Jack Sherman in 1998
Photo: Jim Steinfeldt/Michael Ochs Archives/Getty Images
Jack Sherman, Former Red Hot Chili Peppers Guitarist And Songwriter, Dies At 64
Jack Sherman, a former guitarist and songwriter for rock icons Red Hot Chili Peppers (RHCP) who played and recorded on the band's 1984 self-titled debut album, has died, Rolling Stone reports. He was 64. No cause of death has been confirmed.
On Friday (Aug. 21), the group confirmed Sherman's death on its official social media accounts, writing on Instagram, "We of the RHCP family would like to wish Jack Sherman smooth sailing into the worlds beyond, for he has passed … He was a unique dude and we [to] thank him for all times good, bad and in between. Peace on the boogie platform."
Sherman, who joined RHCP in late 1983 when he replaced founding member and original guitarist Hillel Slovak, can be heard on The Red Hot Chili Peppers, the group's only album to feature him on guitar. He also co-wrote a majority of the group's second album, Freaky Styley (1985), but he was replaced by Slovak who'd rejoined the group in early 1985 and ultimately recorded the guitar parts on the LP. (Following Slovak's death due to a heroin overdose in 1988, RHCP cycled through a number of guitarists, including Dave Navarro, Josh Klinghoffer, DeWayne McKnight, Arik Marshall and Jesse Tobias; longtime on-again, off-again guitarist John Frusciante rejoined the group last December.)
Sherman would later partially rejoin RHCP to record background vocals on a couple of tracks off the band's 1989 album, Mother's Milk, including "Higher Ground," a cover of Stevie Wonder's 1973 hit that earned the act its first-ever GRAMMY nomination, for Best Rock Performance By A Duo Or Group With Vocal, at the 1991 GRAMMYs.

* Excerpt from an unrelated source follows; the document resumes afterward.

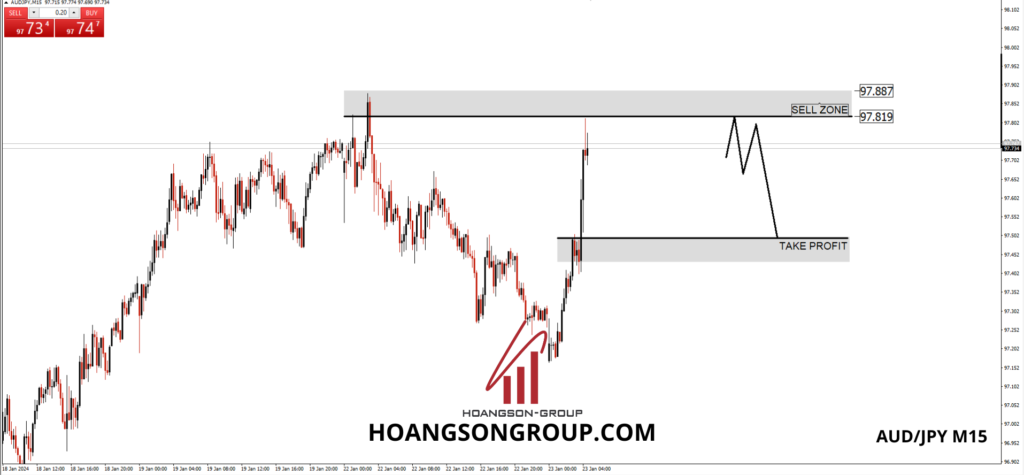 audjpy m15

While RHCP were inducted into the Rock & Roll Hall Of Fame in 2012, Sherman was not included as part of the induction ceremony, Rolling Stone notes.

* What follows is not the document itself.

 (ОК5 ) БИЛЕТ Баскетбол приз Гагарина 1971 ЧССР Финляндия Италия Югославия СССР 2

"It's really painful to see all this celebrating going on and be excluded," Sherman told Billboard in 2012. "I'm not claiming that I've brought anything other to the band ... but to have soldiered on under arduous conditions to try to make the thing work, and I think that's what you do in a job, looking back. And that's been dishonored. I'm being dishonored, and it sucks."